» **What is expected**
Work out how many lines of the material contain the string "Living"; the answer is that number only.

» **Input for this task**
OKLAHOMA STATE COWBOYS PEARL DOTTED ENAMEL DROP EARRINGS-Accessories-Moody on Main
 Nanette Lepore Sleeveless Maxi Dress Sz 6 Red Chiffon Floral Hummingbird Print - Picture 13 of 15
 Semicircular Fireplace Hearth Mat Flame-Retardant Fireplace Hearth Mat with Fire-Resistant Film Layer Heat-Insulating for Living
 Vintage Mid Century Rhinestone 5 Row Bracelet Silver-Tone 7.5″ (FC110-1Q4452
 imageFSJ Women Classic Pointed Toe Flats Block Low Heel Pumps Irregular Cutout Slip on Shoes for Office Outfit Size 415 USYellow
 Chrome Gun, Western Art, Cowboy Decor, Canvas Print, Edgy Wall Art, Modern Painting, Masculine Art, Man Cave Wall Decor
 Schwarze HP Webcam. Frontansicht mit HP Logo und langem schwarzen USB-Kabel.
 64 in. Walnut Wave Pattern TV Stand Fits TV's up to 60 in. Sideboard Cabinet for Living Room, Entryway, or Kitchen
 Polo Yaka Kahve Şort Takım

» **Written response**
2